To the north, Tibet exerted a tremendous influence on Bhutan and half of the book examines the role of Tibetan Buddhism and imperial expansionism over 1,000 years, from the seventh century to the emergence of a unified Bhutanese polity in the 17th. From the mid-18th century, the balance of power relations shifted towards India. From George Bogle's expedition on behalf of the freshly defeated British East India Company in 1774, to Nehru's state visit on a yak in 1958, Bhutan has been drawn closer into the orbit of (British) Indian commercial and geopolitical concerns and has been profoundly reshaped in the process.

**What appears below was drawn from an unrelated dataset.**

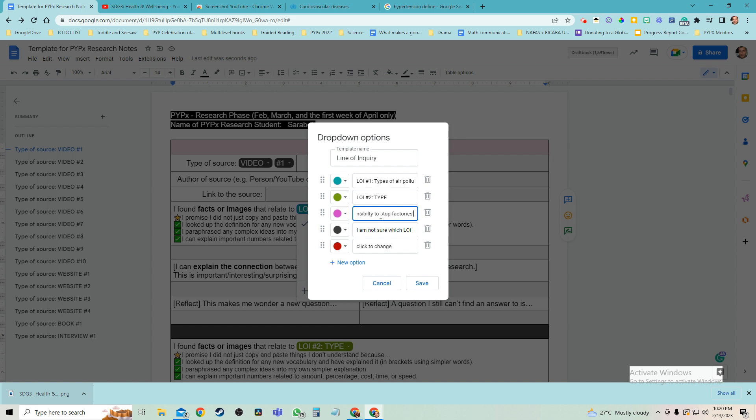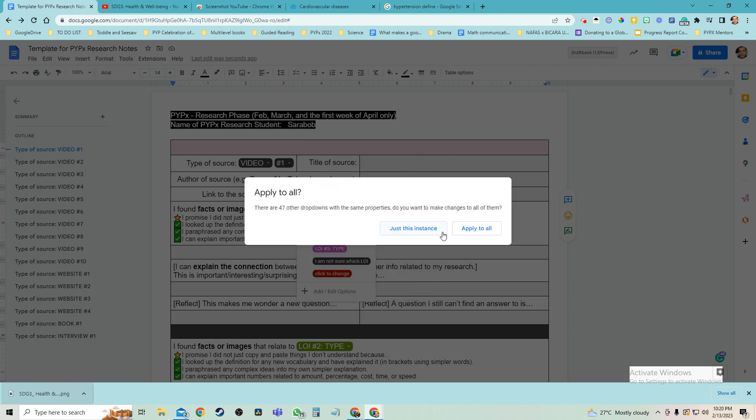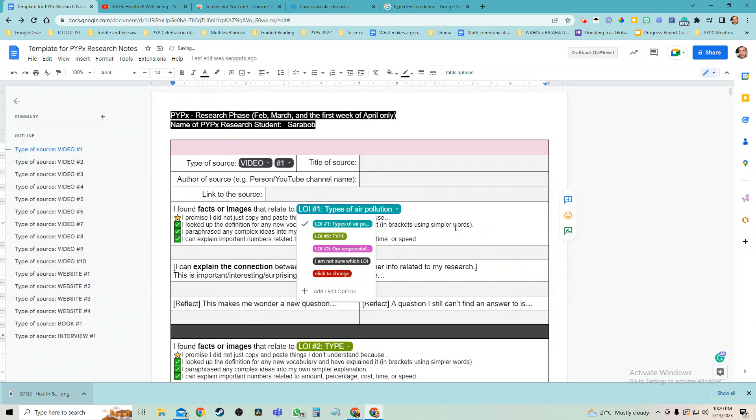stop factories from polluting. Okay, and I don't have line of inquiry number two figured out but I'll do that later. Let's click apply to all and what's going to happen is you see I have all these different sources, well line of inquiry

The repercussions of the 19th-century 'Great Game', Phuntsho notes, were felt as far east as Bhutan, via Tibet. By the turn of the century, however, the angst-ridden mind of British officialdom turned from Russian expansion in Asia to the threat posed by the Chinese reconquest of Tibet and to making Bhutan a buffer-state to India. After 1947 this formed the basis of India's 'maternal' relations with Bhutan, especially as China asserted itself in the Sino-Indian borderlands. Bhutan's role and agency in regional geopolitics is a pivotal and fascinating, albeit rushed, aspect of Phuntsho's narrative.
The book's strength is the synthesis into a single volume of the scholarship on Bhutan. However this is also its weakness. Driven by the nature of the surviving sources, political history and the elites figure at the expense of economic, social or cultural history and the changing lives of the Bhutanese. Alas, the book makes little of fascinating details – such as the electric apparatus presented by the Turner mission to Bhutan in 1783 – to enliven the narrative. What did the Bhutanese make of the electric-jolts produced by the device? How did the British describe their response? How did these sorts of cultural encounters transform the diplomatic relations between Bhutan and British India? Such questions are not answered in this fast-paced political history.
Driven by the impulse to compile a comprehensive history of Bhutan, Phuntsho has written a history of a nation state. This is ironic, not only because of his wariness of writing 'nationalist' history, but because, as he acknowledges, Bhutan was for most of its history not a unit at all and in recent times is integrating more deeply into regional and global networks of political influence, trade and tourism. Phuntsho's achievement, though, is a volume that will serve as useful reference for travellers and scholars of Bhutan alike.
Jagjeet Lally is Lecturer in the History of Early Modern and Modern India at UCL.